Andrew the apostle is an interesting fellow. His name is mentioned only 13 times in Scripture, usually with the added appendage, “Simon Peter’s brother.” Andrew played second fiddle to his more prominent and boisterous brother, but Andrew’s actions show something profound and powerful about his character. Whenever we see Andrew in action, he is always bringing somebody or something to Jesus! Consider the “cameo” appearances of this great servant of Christ:
Andrew brought himself to Jesus — “They immediately left their nets and followed Him” (Mark 1:18). Jesus challenged Peter and Andrew to stop being mere fishermen and to become fishers of men. Andrew jumped at this once-in-a-lifetime opportunity! Jesus offers His followers something lasting and eternal. Andrew was involved in a trade that filled men’s bellies, but Jesus offered a life of filling men’s souls. Andrew and his brother counted the cost and left everything to pursue Jesus and the “abundant life” (John 10:10). Andrew gave up his job to serve God better. How much are we willing to give up in order to present our bodies as living sacrifices (Rom. 12:1)? Will we, like Andrew, choose the eternal challenge of a walk with our Savior?

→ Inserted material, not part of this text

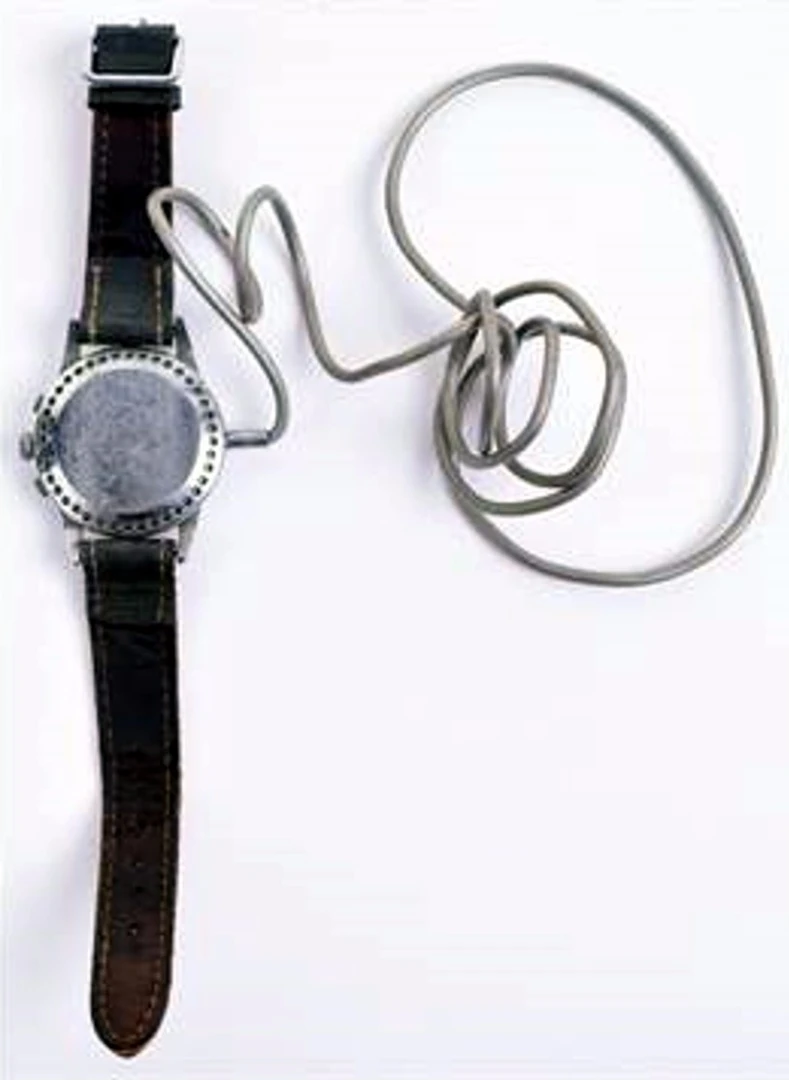 Back of the microphone watch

Andrew brought his loved ones to Jesus — “He first found his own brother Simon and said to him, ‘We have found the Messiah!’ and he brought him to Jesus” (John 1:41-42). After spending an afternoon with the Savior, Andrew became convinced that this indeed was the Son of God (cf. John 1:35-40), and Andrew’s excitement could not be contained. People had been looking forward to the Messiah since the fall of man in Eden (cf. Gen. 3:15). Not only was Andrew convinced of Jesus’ identity, he was determined to tell others! He found his beloved brother Peter and brought him to Jesus. Whom have you told about the Savior recently? Jesus intends to make an impact not only in our lives, but also in the lives of others!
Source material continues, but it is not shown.